しかし、金融屋や保険屋という人種は、専門家ですら理解の難しい複雑な金融商品を編み出して、素人を喰い物にする連中である。ここでは逆に、難しい数学用語によって喰い物にされる。メリウェザーがいなかったら、こうした数学者たちに実験の場を与えることはなかったのだろうけど...

3. 金融工学の相対性理論 = サヤ取り商法
経済循環における投資の役割は、流動性を形成することである。だが、LTCMの戦略は、流動性などはどうでもよく、相対価値戦略にある。サヤ取りこそが、メリウェザーの基本形というわけだ。というより、業界全体の体質であろう。
市場で相対価値が生じる最も基本的な形は、先物と現物であろう。つまり、将来価値と現在価値の差益を求める仕組み。原理的には、将来価値は現在価値に収束するはず。その前提では、購入時に将来価値と現在価値の差が大きいほど、差益が得られることになる。つまり、相対価値戦略とは、相対的な関係を持つ金融商品において、その双方のスプレッド(格差)を狙う取引術である。
本書が紹介する住宅ローンの仕組みは興味深い。それは、PO債(Principal Only)とIO債(Interest Only)である。借り手が、住宅ローンを途中で借り換える場合、元のローンは一括返済される。多額の元本が一気に支払われ、利息プールへの支払いは、そこで途絶える。その元本のみの証券が、PO債である。一方、当初の契約どおりに月ごとの利払いのみを行う証券が、IO債である。つまり、IO債は、借り換える人が増えると値を下げ、借り換える人が減ると値を上げることになる。
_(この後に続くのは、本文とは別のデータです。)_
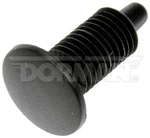 Dorman 963-004D Gm Panel Push Retainer, Pack Of. Fixed Price $8.95.
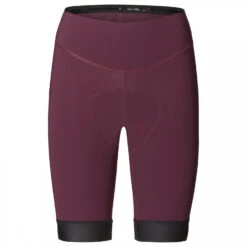 VAUDE Women's Kuro Tights - Cycling Bottoms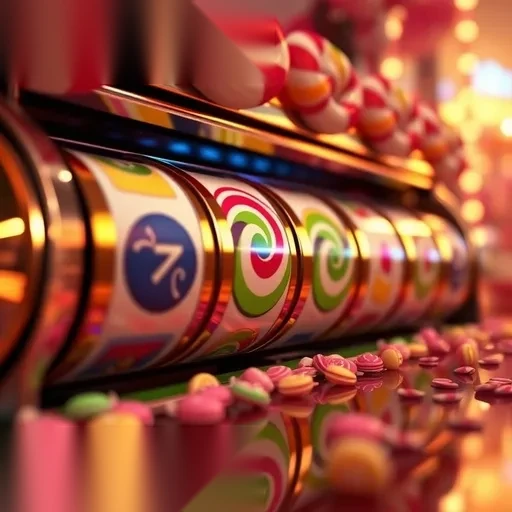 Tabela RTP dos jogos de cassino da 1316bet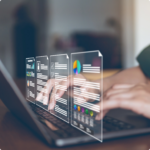 understanding your customer globally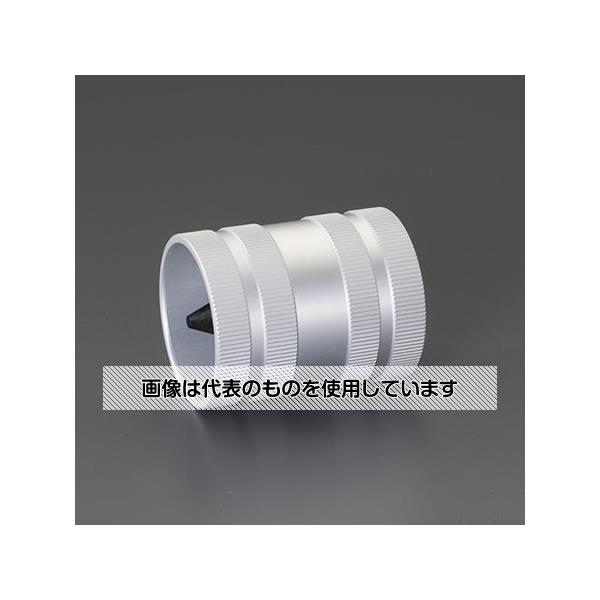 緑であること活動の領域
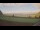 Webcam in Gais, 7.9 km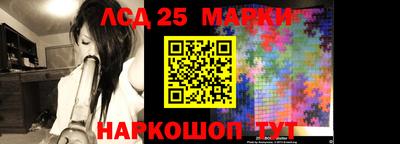 прущие грибы Ирбит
1993年頃から、米国では借り換えブームが起きたという。ベトナム戦争後、初めて住宅ローン金利が 7% を割り込み、ベビーブーマー世代が一斉に利払いの節約に走ったという。IO債は明らかに低すぎる水準まで急落。そこに目を付けたLTCMは、IO債を買いまくり大儲けする。その基本原理には、イールドカーブ取引による戦略がある。金利がある期間に限って、これといった理由もなく通常の水準から乖離していると、すかさず介入。例えば、中期の金利が短期を上回り、長期に肩を並べそうな水準であるような場面で一連のアービトラージ取引を仕掛け、この中期の出っ張りが消える方向に賭ける。こうした複雑な取引を物色する眼力は鋭い。1994年の米国債権市場の混乱が、ドイツ、フランス、イギリスの国債と、それぞれの先物とのスプレッドが拡大、そこにLTCMが飛びつき利益を上げる。あるいは、日本株ワラントと東証株価指数オプションとのアービトラージにも目をつける。その性格が、ロシア債にも手を出すことになる。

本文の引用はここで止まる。